Pauline Kalker : Tranchées dans le vif
Pauline Kalker, de la compagnie néerlandaise Hotel Modern, joue dans La Grande Guerre, une création au carrefour du théâtre, des arts plastiques et du cinéma. Effet direct.
Fruit d’une collaboration entre deux actrices-réalisatrices (Pauline Kalker et Arlène Hoornweg) et un plasticien (Herman Helle), La Grande Guerre marie, d’une part, un théâtre d’objets où les comédiens façonnent sur le vif des scènes à petite échelle ainsi que, d’autre part, le tournage, le montage et la projection de celles-ci. "C’est comme du cinéma d’animation en direct, comme voir en même temps le film et la réalisation du film", résume Pauline Kalker. À partir d’une simple table recouverte de terre, la petite troupe nous ramène ainsi au début du 20e siècle, tantôt dans le nord de la France, tantôt en Belgique. "Durant le spectacle, on construit des paysages de la Première Guerre; on creuse des tranchées et il y a des soldats miniatures, des villages, explique-t-elle. Des caméras captent ces actions, qui sont ensuite projetées sur un écran, tandis qu’un musicien [Arthur Sauer] crée les sons. L’effet s’avère très réaliste. Le spectateur peut voir les attaques à travers les yeux des soldats; il a vraiment l’impression d’y être."

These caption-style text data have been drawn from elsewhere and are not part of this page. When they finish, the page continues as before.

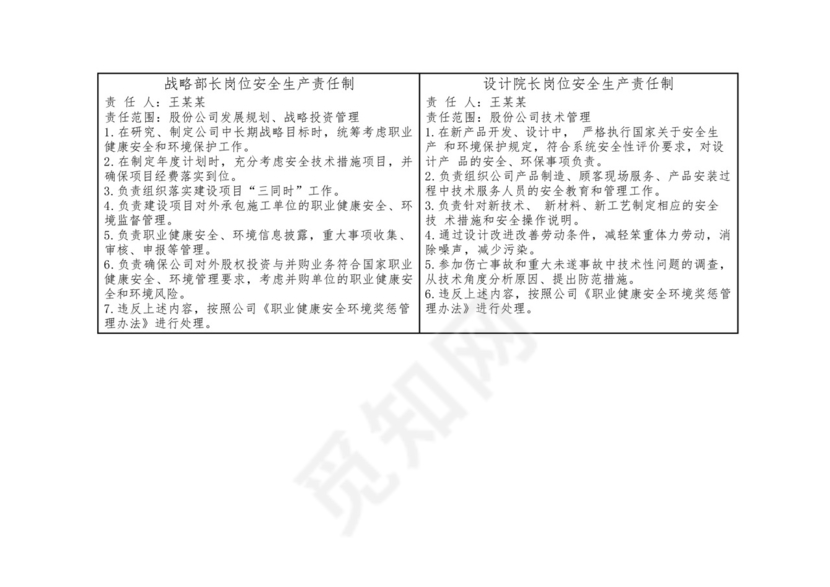 企业全员安全生产责任制模板及工作胸卡模板.docx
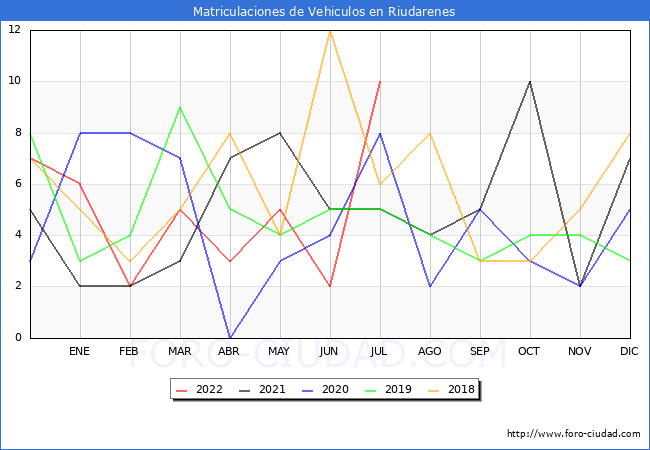 estadísticas de Vehiculos Matriculados en el Municipio de Riudarenes hasta Julio del 2022.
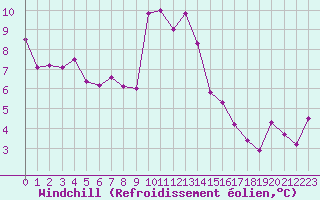 Courbe du refroidissement olien pour Evionnaz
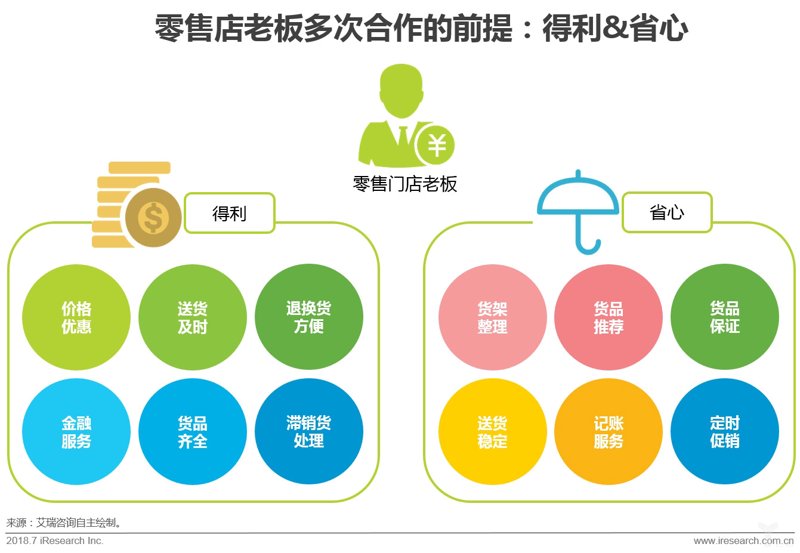 山西省批发零售行业的最新动态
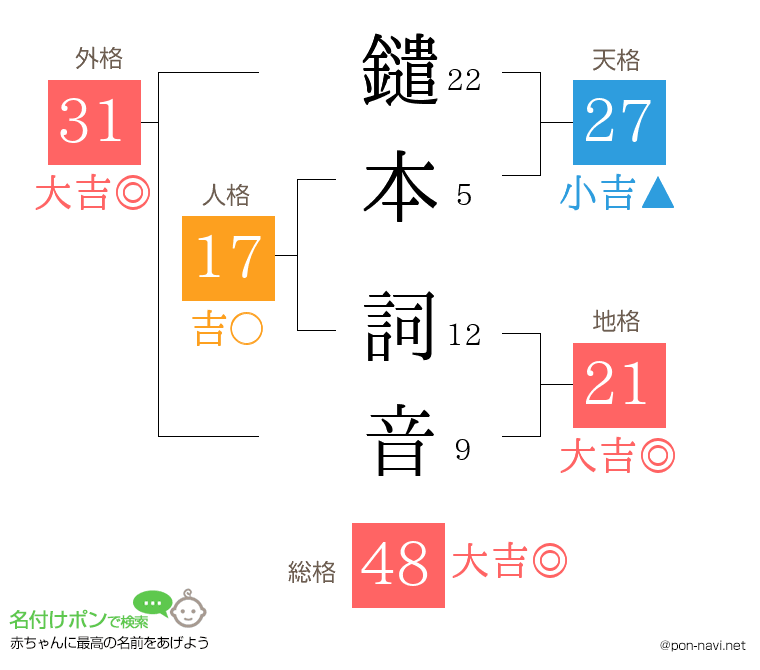 鑓本 詞音さんの姓名判断結果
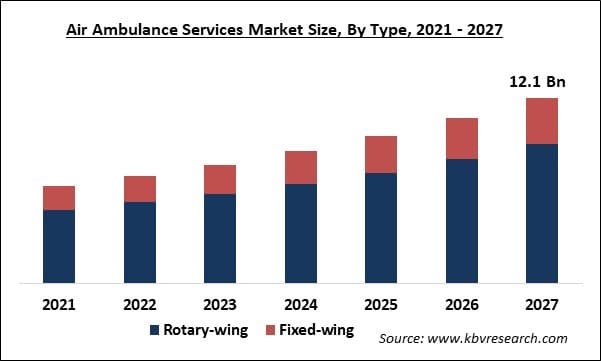 Air Ambulance Services Market Size - Global Opportunities and Trends Analysis Report 2021-2027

Pour eux, cette proximité s’avérait d’ailleurs essentielle. "Nous voulions faire partager cette expérience, poursuit-elle. Alors, nous avons lu des témoignages et regardé des documentaires." Or, parmi les nombreuses sources consultées, les lettres d’un soldat français, découvertes par un de leurs amis chez un antiquaire, ont plus spécialement retenu leur attention. "La pièce s’appuie aussi sur des journaux de soldats anglais, américains et allemands parce qu’on tenait à présenter tous les points de vue", précise-t-elle. Une recherche qui les a également aidés à peaufiner leur reconstitution, élément pour le moins déterminant de ce "spectacle très visuel", dont elle évoque notamment les origines: "En jouant avec sa caméra et ses maquettes, Herman a réalisé que ça lui permettait de créer des images très fortes. Puis, il a eu l’idée de se pencher sur la Première Guerre parce que le paysage y a joué un rôle important. En fait, dans toutes les guerres, le paysage devient un personnage." De sorte que leur création raconte autant l’histoire du paysage que celle des soldats.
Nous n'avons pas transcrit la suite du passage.